Chuck Colson says it well, “Holiness is the everyday business of every Christian. It evidences itself in the decisions we make and the things we do, hour by hour, day by day.” [Loving God p. 131]
The person who has begun to understand God’s holiness is a person who is changed. The idea of an unchanged Christian is a contradiction in terms. If you are not pursuing holiness, there is a good chance you are not a child of God . . . no matter how long you have been in the church. Don’t take my word for it, take Paul’s,
[Eph 5:1-7] Be imitators of God, therefore, as dearly loved children and live a life of love, just as Christ loved us and gave himself up for us as a fragrant offering and sacrifice to God. But among you there must not be even a hint of sexual immorality, or of any kind of impurity, or of greed, because these are improper for God’s holy people. Nor should there be obscenity, foolish talk or coarse joking, which are out of place, but rather thanksgiving. For of this you can be sure: No immoral, impure or greedy person—such a man is an idolater—has any inheritance in the kingdom of Christ and of God. Let no one deceive you with empty words, for because of such things God’s wrath comes on those who are disobedient. Therefore do not be partners with them.
If we are going to be true followers we must be serious about our pursuit of personal holiness.
Though our study and pursuit of holiness must never end, this sermon needs to come to a conclusion. So let me make several final observations.
First, it should be obvious, that there is no better way to use our time than to use it for God’s glory. There is nothing better. There is no one greater than the Lord. He is our life, our hope, our joy. To run after and serve anything other than the Lord is foolishness. Look at your own heart and turn away from the trivial pursuits that so often occupy our energy.

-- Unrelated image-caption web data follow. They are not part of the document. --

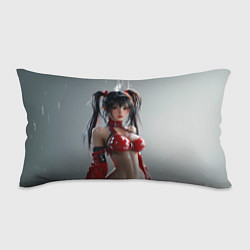 Подушка-антистресс Азиатская девушка в красном латексе, цвет: 3D-принт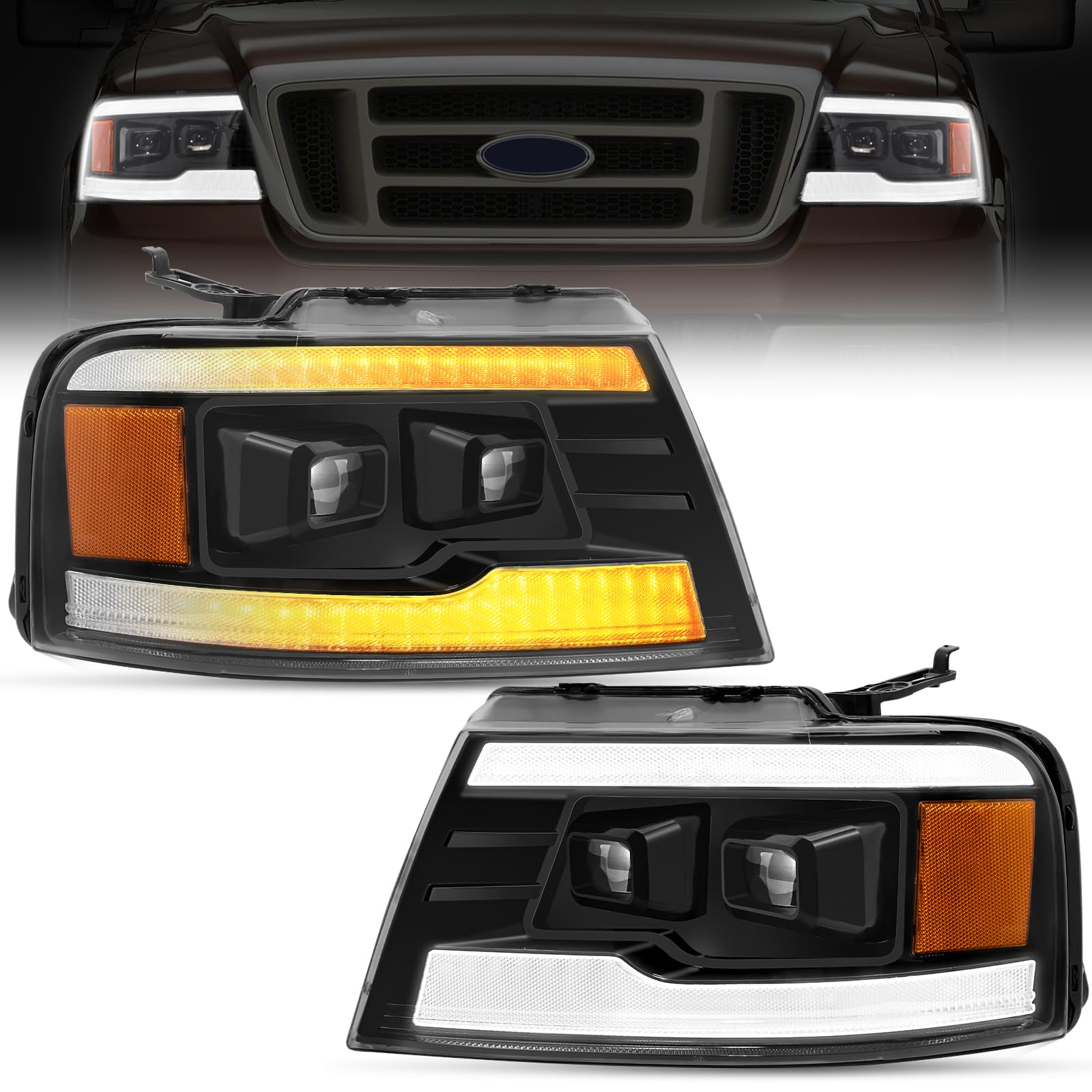 elh 500% brighter seq drl led headlight assembly 2004-2008 04 05 06 07 08 f-150 projector high/low beam headlights, black housing, plug & play (double -beam led projector)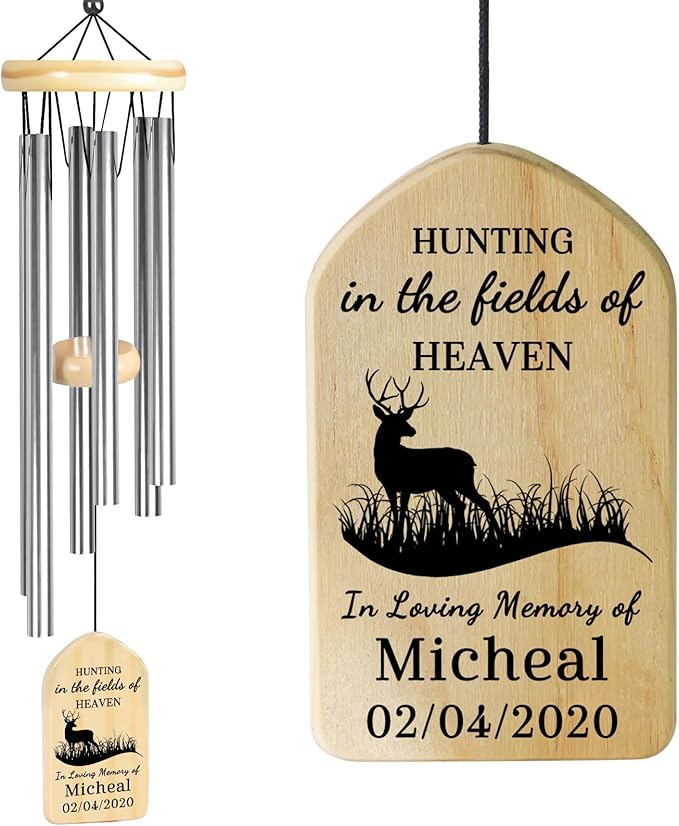 Hunting in Heaven Wind Chime - Personalized Hunter Memorial Sympathy Gift for Loss of Grandpa or Father - Bereavement and Condolence Funeral Gift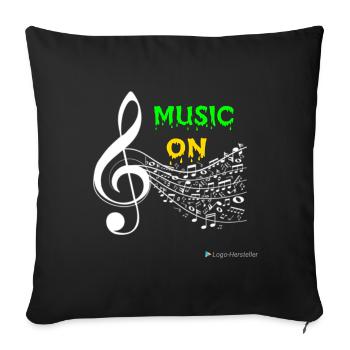 Music ON - Housse de coussin décorative 45 x 45 cm - noir - Devant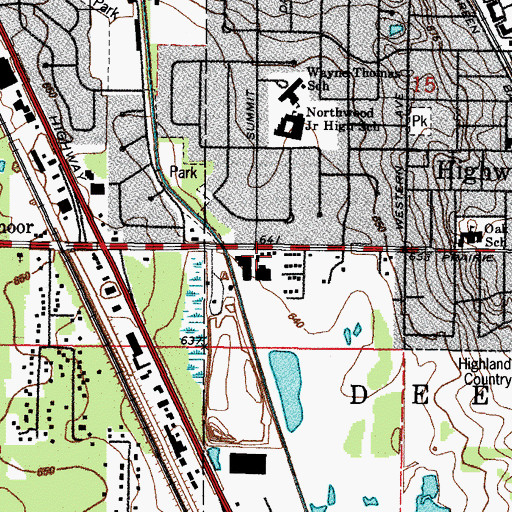 Topographic Map of Highland Park Fire Department Station 34, IL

Second, we need to take personal holiness seriously. We spend a good deal of our lives trifling with sin. I know I find myself compromising with the unholy all the time. We push God off to the side when we feel He is getting in the way of our enjoyment or of our “entertainment”. Look, I know that taking holiness seriously means significant change in our lives. And like you . . . I resist it. However, if we understand God’s mercy and grace at all, if we have any sense of God’s holiness (which is becoming more and more rare) we will want to purge all that is profane from our lives. It is time to do a personal inventory and to make changes,
- in your entertainment
- your use of your time
- the way you spend your money
- the way you talk
- the way you do your job
- the way you treat others
- the way you worship
Finally, we need to stop comparing ourselves to others and start measuring ourselves by the correct standard. When we measure our lives by God’s standards we see ourselves truly. Yes, it often hurts. And facing the truth is painful. We must accept responsibility for our own behavior. But the amazing thing about the gospel is that it tells us that because of what Christ has done on our behalf, if we admit our sin and turn to Him for mercy . . . we will find it. Our Holy God will cover us with the righteousness or goodness of Christ.
Indeed, God is great and He is good. Let us devote the rest of our lives to giving Him thanks.